A revolução traiu os sonhos

39 anos depois, a Nicarágua volta a pedir liberdade

Grupo de dez pessoas segue camionete que leva caixão na caçamba em uma rua. Ao fundo, um estabelecimento comercial térreo de esquina.
Familiares de Erick Jiménez López, uma das vítimas da ofensiva pró-Daniel Ortega em Monimbó, bairro indígena de Masaya, na Nicarágua, fazem cortejo até o cemitério da cidade - Alfredo Zúñiga/Associated Press

Fidel Castro declamou um belo trecho de peça de Pedro Calderón de la Barca, em sua intervenção nos festejos dos 50 anos do Gatt (Acordo Geral de Tarifas e Comércio, depois transformado em OMC).

Não me pergunte o que o Gatt tem a ver com Calderón de la Barca, mas o fato é que o já alquebrado ditador eletrizou a plateia (diplomatas em penca, chefes de governo, funcionários internacionais, jornalistas) ao soltar:

"O que é a vida?

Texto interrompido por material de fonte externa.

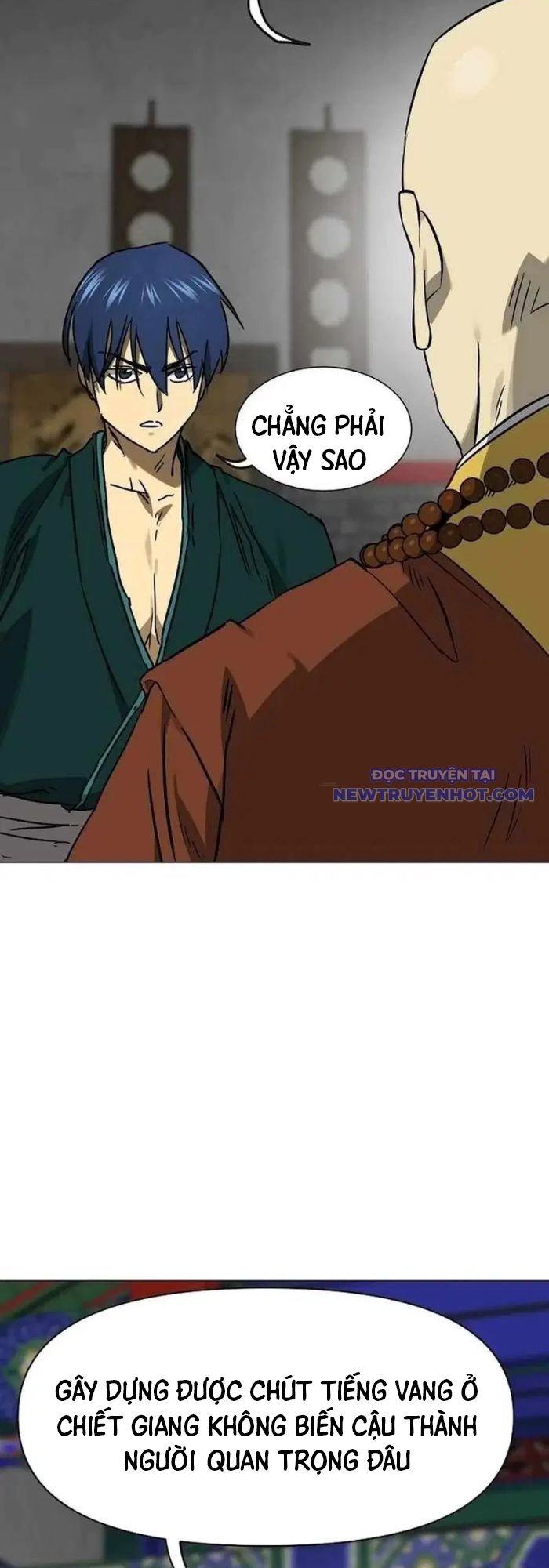 Thăng Cấp Vô Hạn Trong Murim: Chapter 219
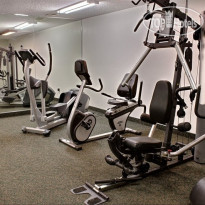 Best Western Ashland House & Conference Center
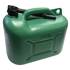 Jerrican plastique homologué 20L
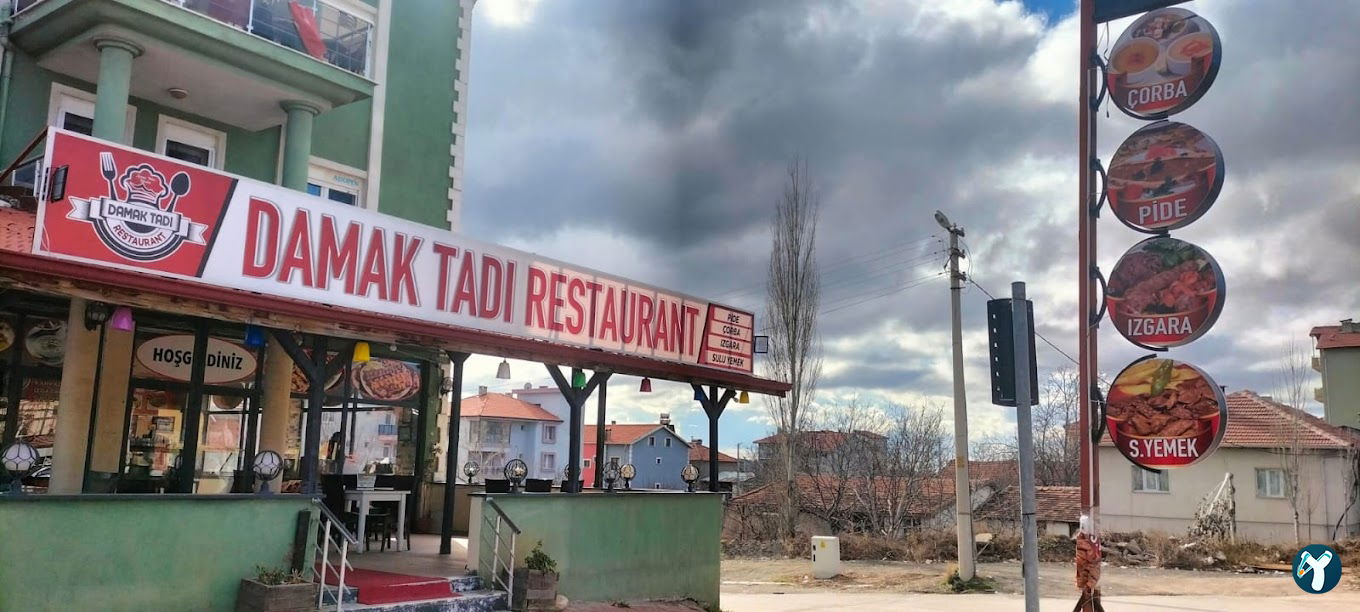 DAMAK TADI RESTAURANT
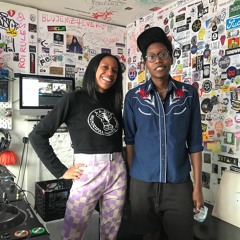 Olive’s Garden with special guest Rose Kourts @ The Lot Radio 06 - 03 - 2021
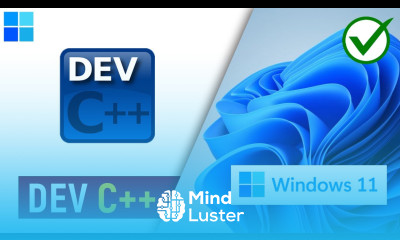 How to Download and Install Dev C in Windows 11 10 PC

Uma ilusão,/uma sombra, uma ficção,/e o maior bem é pequeno;/que toda a vida é sonho/e, os sonhos, sonhos são".

Ah, velho Fidel, que triste ver que os sonhos que sonharam parcelas significativas dos jovens e não tão jovens latino-americanos tenham sido soterrados por ditaduras.

Talvez nada seja, hoje em dia, mais emblemático do pesadelo em que se transformaram revoluções de sonho —sonho de liberdade— que a Nicarágua.

Nesta quarta-feira (18), a Organização dos Estados Americanos discutia resolução de censura à repressão desatada pelo governo de Daniel Ortega e sua mulher, a vice Rosario Murillo, contra principalmente os estudantes rebelados. Repressão que, segundo organismos de direitos humanos, deixou ao menos 351 mortos em três meses de levante popular.

A triste ironia é que, há 39 anos, a mesma OEA aprovou em junho resolução condenando o regime de Anastasio Somoza Debayle, o ditador de turno, e exigiu sua substituição imediata.

Um mês depois, Somoza caiu e assumiu Daniel Ortega, o líder da Frente Sandinista de Libertação Nacional que comandava os "muchachos", os jovens que usavam os cachecóis rubro-negros da Frente.

Nesta quinta-feira (19), comemoram-se precisamente 39 anos da vitória do sonho de liberdade que à época se sonhava.

Agora, no entanto, os "muchachos" estão do outro lado das barricadas, exigindo a saída do novo Somoza, como chamam Ortega, o traidor da revolução, que se aliou à fatia mais reacionária e corrupta da elite nicaraguense para tornar-se um tiranete.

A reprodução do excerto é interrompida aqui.